Durante il nostro tour in Perù a settembre, abbiamo percorso l’Inca Jungle Trek con i bambini. Questo percorso avventuroso è un’ottima alternativa al classico Cammino Inca con i bambini e si è inserito perfettamente nel nostro viaggio più lungo intorno al paese. Erano mesi che lo aspettavamo e si è rivelato in tutto e per tutto l’esperienza straordinaria che speravamo. Per la nostra famiglia è stata una grande avventura: dalla natura impressionante ai sentieri impegnativi e, naturalmente, al momento in cui abbiamo raggiunto
Trekking nella giungla Inca con bambini
Prima eravamo piuttosto titubanti all’idea di fare questo trekking. Dopo tutto, le distanze sono piuttosto lunghe. I nostri figli hanno 8 e 11 anni quando facciamo questo trekking. Non facciamo escursioni quotidiane, quindi non siamo super allenati. Fortunatamente, questo non si è rivelato necessario perché abbiamo bambini avventurosi e pieni di energia.
Esistono anche altri trekking per Machu Picchu. Ad esempio, un trekking di 4 giorni in cui si dorme in tenda e si fanno lunghe passeggiate giornaliere. L’Inca Jungle Trek consiste in diverse attività che lo rendono molto vario e divertente per i bambini!

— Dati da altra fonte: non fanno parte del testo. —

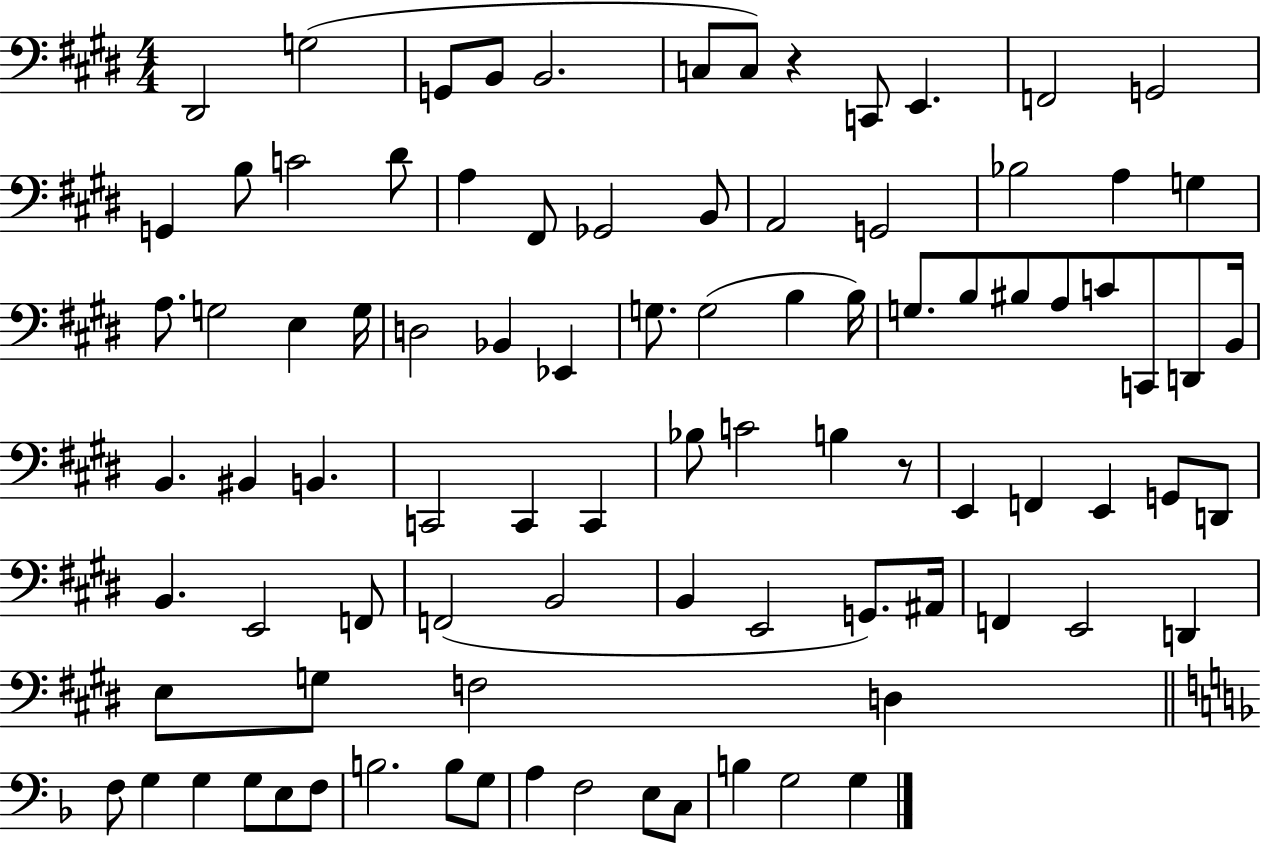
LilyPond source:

{
  \clef bass
  \numericTimeSignature
  \time 4/4
  \key e \major
  dis,2 g2( | g,8 b,8 b,2. | c8 c8) r4 c,8 e,4. | f,2 g,2 | \break g,4 b8 c'2 dis'8 | a4 fis,8 ges,2 b,8 | a,2 g,2 | bes2 a4 g4 | \break a8. g2 e4 g16 | d2 bes,4 ees,4 | g8. g2( b4 b16) | g8. b8 bis8 a8 c'8 c,8 d,8 b,16 | \break b,4. bis,4 b,4. | c,2 c,4 c,4 | bes8 c'2 b4 r8 | e,4 f,4 e,4 g,8 d,8 | \break b,4. e,2 f,8 | f,2( b,2 | b,4 e,2 g,8.) ais,16 | f,4 e,2 d,4 | \break e8 g8 f2 d4 | \bar "||" \break \key f \major f8 g4 g4 g8 e8 f8 | b2. b8 g8 | a4 f2 e8 c8 | b4 g2 g4 | \break \bar "|."
}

Giorno 1: Cusco-Santa Maria
Il primo giorno veniamo portati in pulmino fino al punto più alto del trekking. L’avventura inizia subito, perché oggi scenderemo da quell’altitudine. Le mountain bike sono sul tetto del furgone e non vediamo l’ora di partire!
Le nostre borse possono rimanere nel furgone, in modo da non dover scendere in bicicletta con tutti i bagagli. In cima, ci vengono forniti indumenti protettivi, un casco e strati caldi, perché a 4600 metri fa freddo. La salita dura circa un’ora.
Una volta vestiti, iniziamo la discesa. In due ore percorriamo circa 50 chilometri, completamente in discesa. Devi quindi rimanere concentrato. La guida stabilisce la velocità, in modo che non sia mai troppo veloce e che rimanga sicura. Ci è piaciuto molto! Arrivati a valle, le nostre valigie ci stanno già aspettando, così come il pranzo, nello stesso hotel in cui dormiremo quella notte.

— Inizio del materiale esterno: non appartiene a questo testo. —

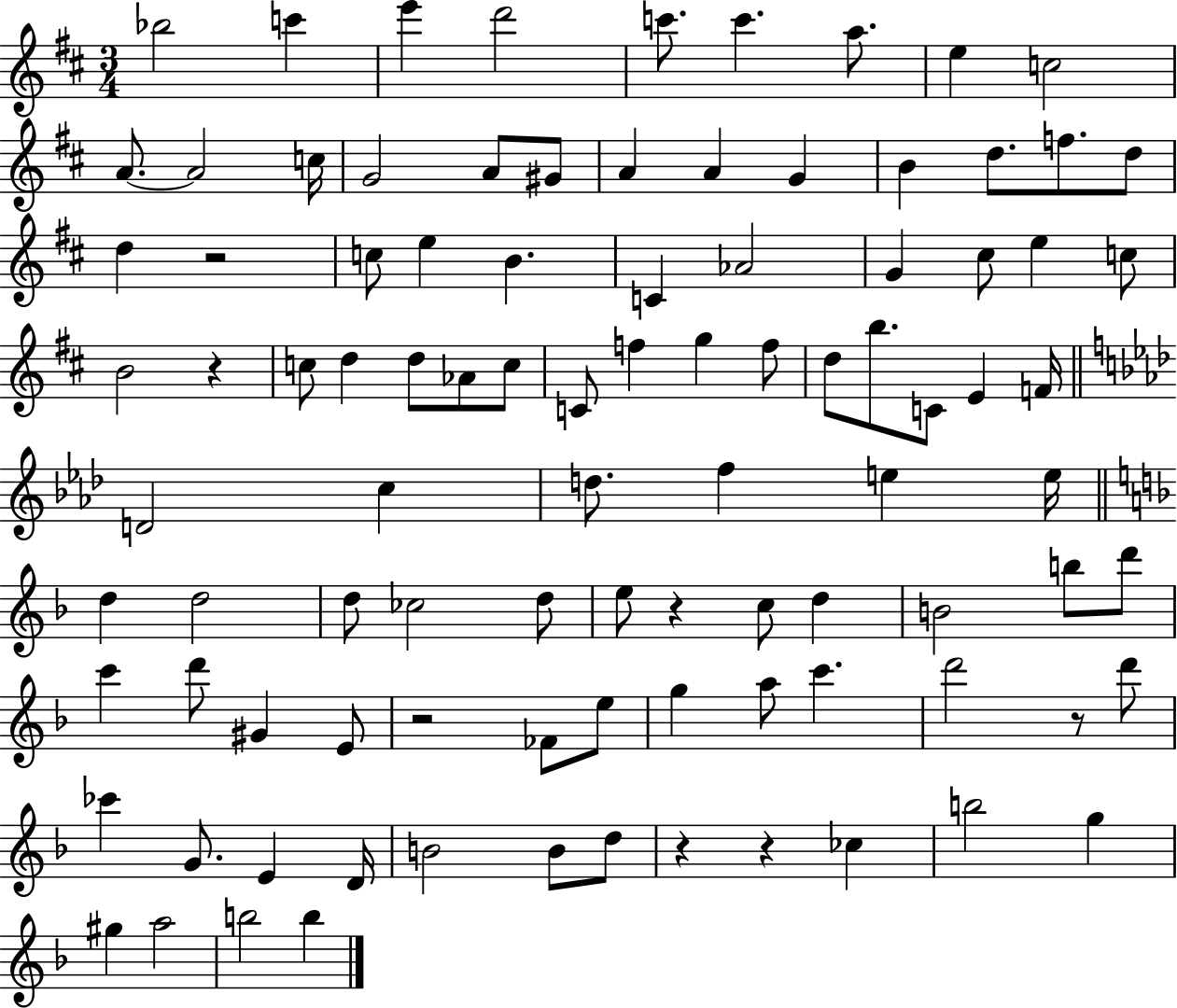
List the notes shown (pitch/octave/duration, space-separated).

Bb5/h C6/q E6/q D6/h C6/e. C6/q. A5/e. E5/q C5/h A4/e. A4/h C5/s G4/h A4/e G#4/e A4/q A4/q G4/q B4/q D5/e. F5/e. D5/e D5/q R/h C5/e E5/q B4/q. C4/q Ab4/h G4/q C#5/e E5/q C5/e B4/h R/q C5/e D5/q D5/e Ab4/e C5/e C4/e F5/q G5/q F5/e D5/e B5/e. C4/e E4/q F4/s D4/h C5/q D5/e. F5/q E5/q E5/s D5/q D5/h D5/e CES5/h D5/e E5/e R/q C5/e D5/q B4/h B5/e D6/e C6/q D6/e G#4/q E4/e R/h FES4/e E5/e G5/q A5/e C6/q. D6/h R/e D6/e CES6/q G4/e. E4/q D4/s B4/h B4/e D5/e R/q R/q CES5/q B5/h G5/q G#5/q A5/h B5/h B5/q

Dopo pranzo è in programma la seconda attività: il rafting! Attraverso un fiume che scorre veloce, abbiamo fatto rafting per 1,5 ore. È stato emozionante, ma fortunatamente ci è stato permesso di stare in famiglia su un’unica barca con una guida e non ci siamo scatenati troppo. Tra una cosa e l’altra ci è stato permesso di scendere per rinfrescarci sotto una cascata. A Nijs è stato persino permesso di saltare da una roccia nell’acqua.
Al ritorno in hotel, un furgone ci aspetta per riportarci a cena. Prima di cena, verrà acceso un altro falò in giardino, dove potremo chiacchierare di questa prima giornata. Abbiamo fatto tutti cose nuove, come il downhilling e il rafting, e non vediamo l’ora di affrontare il resto del trekking.

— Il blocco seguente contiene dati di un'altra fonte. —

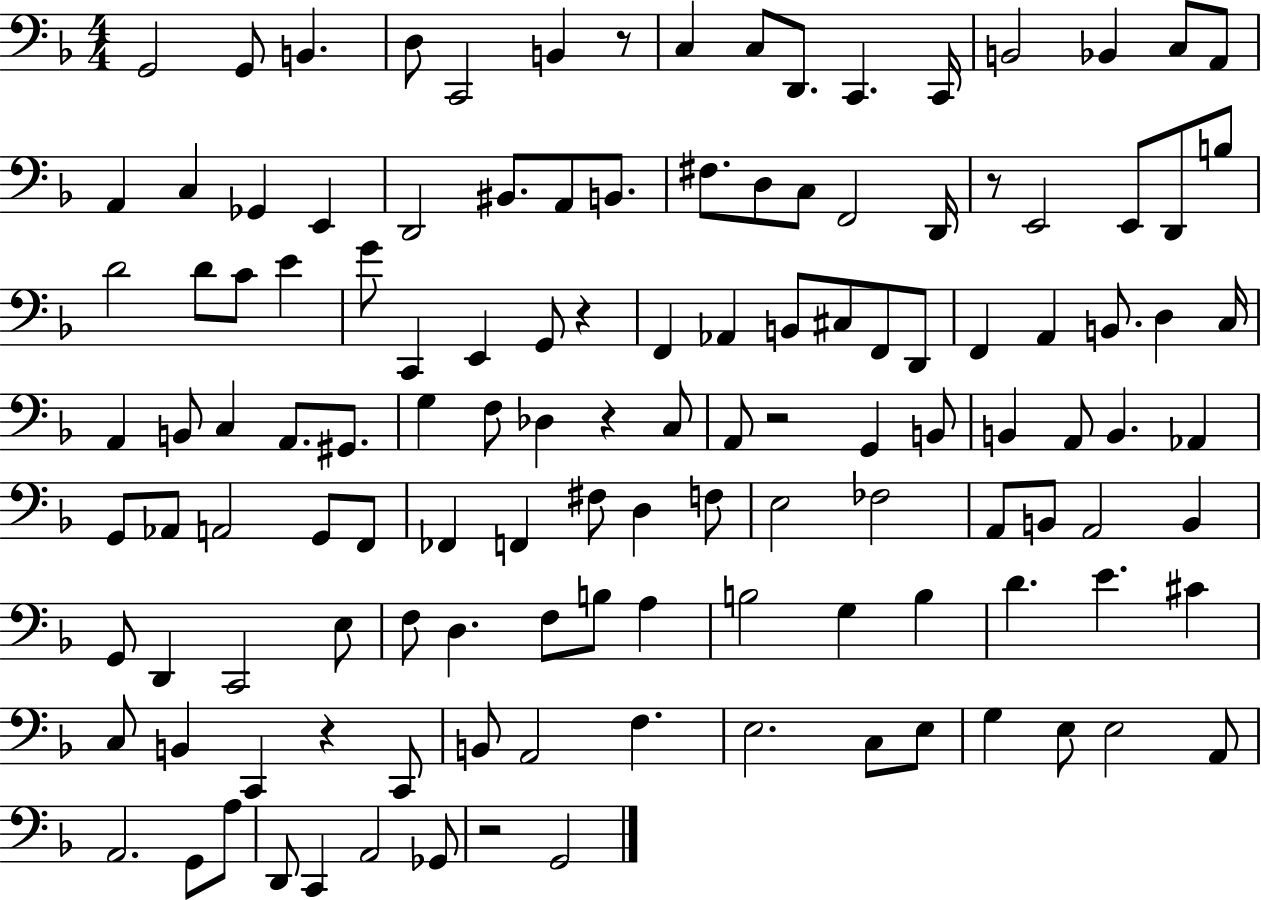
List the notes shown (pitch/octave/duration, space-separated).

G2/h G2/e B2/q. D3/e C2/h B2/q R/e C3/q C3/e D2/e. C2/q. C2/s B2/h Bb2/q C3/e A2/e A2/q C3/q Gb2/q E2/q D2/h BIS2/e. A2/e B2/e. F#3/e. D3/e C3/e F2/h D2/s R/e E2/h E2/e D2/e B3/e D4/h D4/e C4/e E4/q G4/e C2/q E2/q G2/e R/q F2/q Ab2/q B2/e C#3/e F2/e D2/e F2/q A2/q B2/e. D3/q C3/s A2/q B2/e C3/q A2/e. G#2/e. G3/q F3/e Db3/q R/q C3/e A2/e R/h G2/q B2/e B2/q A2/e B2/q. Ab2/q G2/e Ab2/e A2/h G2/e F2/e FES2/q F2/q F#3/e D3/q F3/e E3/h FES3/h A2/e B2/e A2/h B2/q G2/e D2/q C2/h E3/e F3/e D3/q. F3/e B3/e A3/q B3/h G3/q B3/q D4/q. E4/q. C#4/q C3/e B2/q C2/q R/q C2/e B2/e A2/h F3/q. E3/h. C3/e E3/e G3/q E3/e E3/h A2/e A2/h. G2/e A3/e D2/e C2/q A2/h Gb2/e R/h G2/h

Giorno 2: Santa Maria-Santa Teresa
Oggi è il giorno più lungo di tutto il trekking: camminiamo per 18 chilometri direttamente nella giungla. Prima dubitavamo che questo fosse fattibile con i ragazzi. La prima ora è prevalentemente in salita, ma poi il percorso si appiattisce, con qualche piccola salita occasionale e soprattutto molta discesa.
Dopo una camminata di circa 45 minuti, segue una cerimonia peruviana per ottenere il permesso dagli spiriti di percorrere il Sentiero Inca e per mostrare gratitudine alla Madre Terra (Pachamama). Vengono disegnati dei simboli arancioni sui nostri volti e seguono alcuni rituali che ci “preparano” ad entrare nella giungla.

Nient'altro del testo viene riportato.